**Work required**
Return the lines from the one containing "2140 Ridge Drive, Unit" to the end of the material, both end lines included, exactly and with nothing else.

-------- Data to use --------

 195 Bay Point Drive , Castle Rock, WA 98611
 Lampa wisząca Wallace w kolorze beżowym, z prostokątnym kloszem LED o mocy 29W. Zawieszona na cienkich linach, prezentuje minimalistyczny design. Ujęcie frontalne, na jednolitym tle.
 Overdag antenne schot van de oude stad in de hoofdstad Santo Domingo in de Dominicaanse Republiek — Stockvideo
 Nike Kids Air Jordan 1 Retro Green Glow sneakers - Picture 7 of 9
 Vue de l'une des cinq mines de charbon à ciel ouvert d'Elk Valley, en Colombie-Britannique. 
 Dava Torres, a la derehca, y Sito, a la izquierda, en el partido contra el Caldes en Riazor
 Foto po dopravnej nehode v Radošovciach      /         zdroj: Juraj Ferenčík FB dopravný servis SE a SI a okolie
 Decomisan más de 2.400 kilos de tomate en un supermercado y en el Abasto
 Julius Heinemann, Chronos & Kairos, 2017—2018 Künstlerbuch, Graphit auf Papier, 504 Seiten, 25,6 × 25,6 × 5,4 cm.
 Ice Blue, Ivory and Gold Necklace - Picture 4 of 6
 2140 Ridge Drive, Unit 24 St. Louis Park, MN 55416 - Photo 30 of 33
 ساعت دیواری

--------

**Your solution**
 2140 Ridge Drive, Unit 24 St. Louis Park, MN 55416 - Photo 30 of 33
 ساعت دیواری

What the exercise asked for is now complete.